• **Exercise goal**
An exact reproduction of all the data is needed, with no images in it.

Entries shown section start

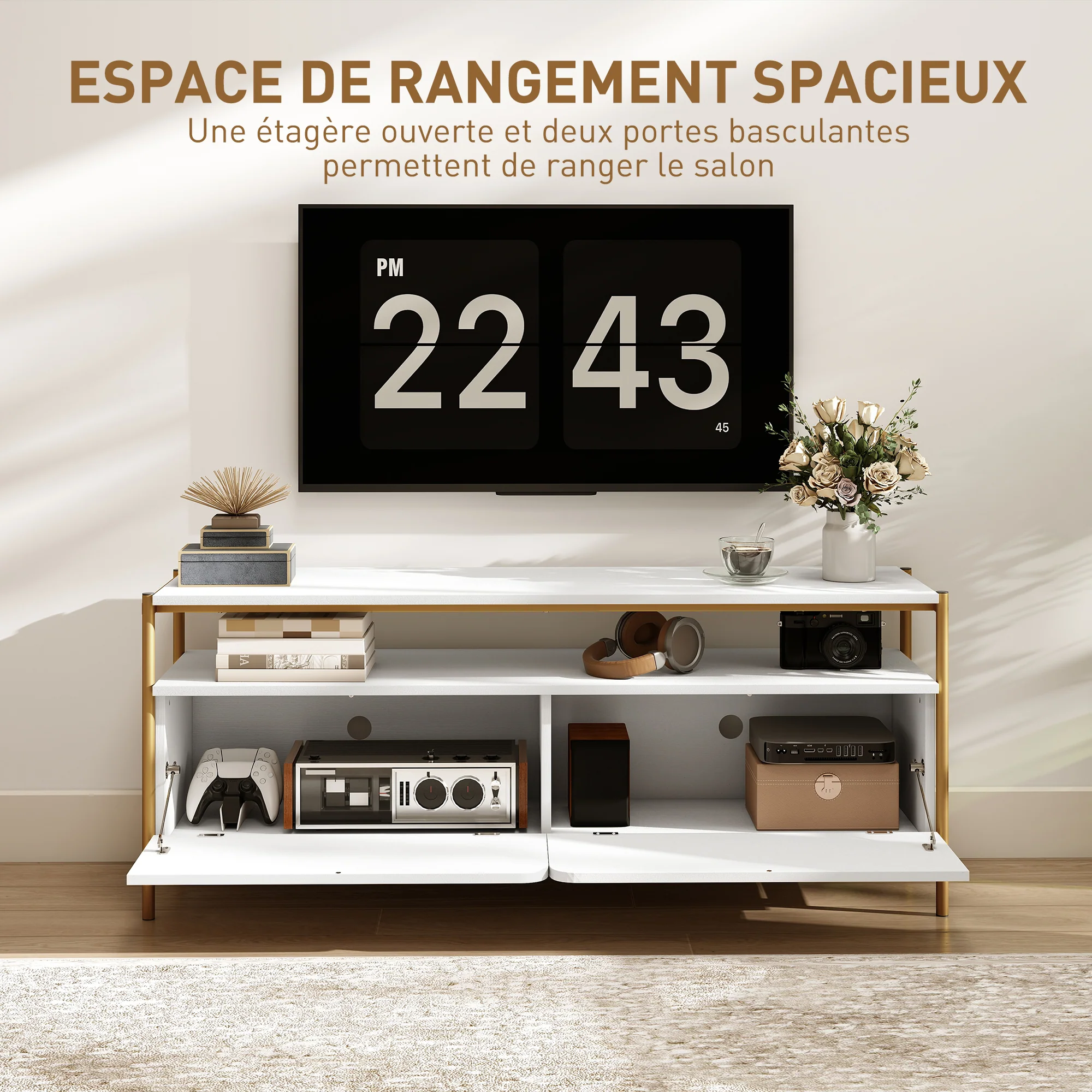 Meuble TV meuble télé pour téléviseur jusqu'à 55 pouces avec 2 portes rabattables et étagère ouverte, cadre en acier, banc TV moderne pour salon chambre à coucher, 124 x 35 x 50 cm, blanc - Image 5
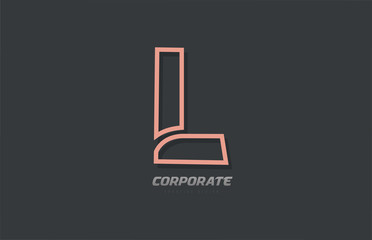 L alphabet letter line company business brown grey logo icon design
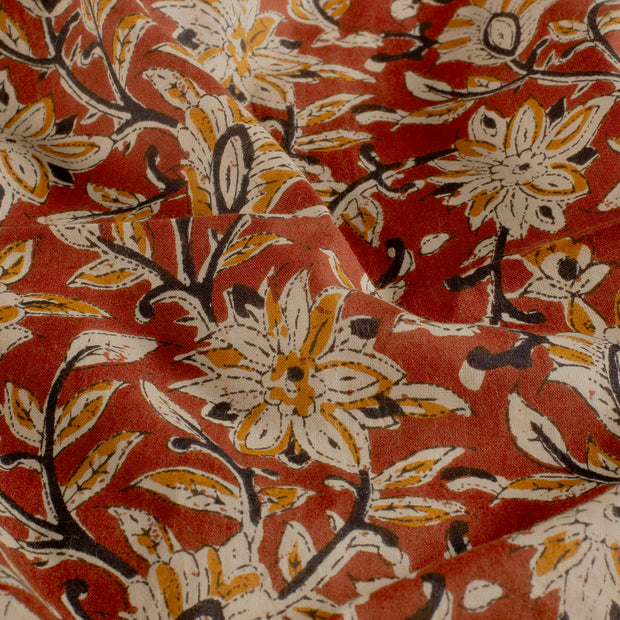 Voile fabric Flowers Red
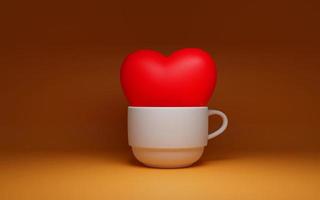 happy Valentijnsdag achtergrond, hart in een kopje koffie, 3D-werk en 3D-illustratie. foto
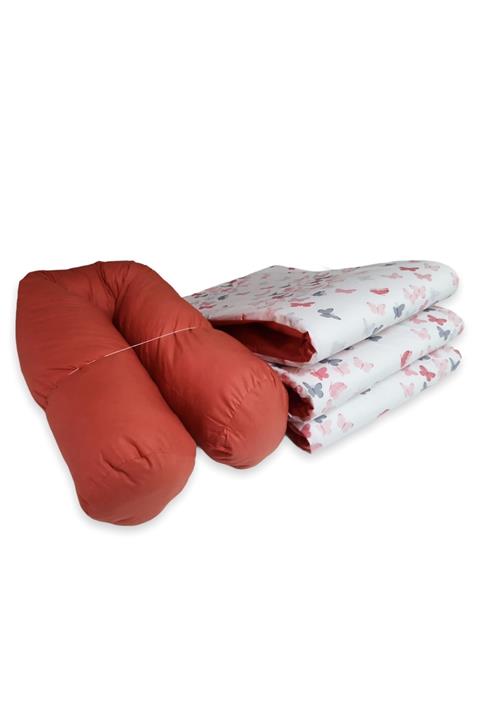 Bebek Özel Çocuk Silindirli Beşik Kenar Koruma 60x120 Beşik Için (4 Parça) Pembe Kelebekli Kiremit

Entries shown section end

• **Solved problem**
 Meuble TV meuble télé pour téléviseur jusqu'à 55 pouces avec 2 portes rabattables et étagère ouverte, cadre en acier, banc TV moderne pour salon chambre à coucher, 124 x 35 x 50 cm, blanc - Image 5
 L alphabet letter line company business brown grey logo icon design
 Voile fabric Flowers Red
 happy Valentijnsdag achtergrond, hart in een kopje koffie, 3D-werk en 3D-illustratie. foto
 Bebek Özel Çocuk Silindirli Beşik Kenar Koruma 60x120 Beşik Için (4 Parça) Pembe Kelebekli Kiremit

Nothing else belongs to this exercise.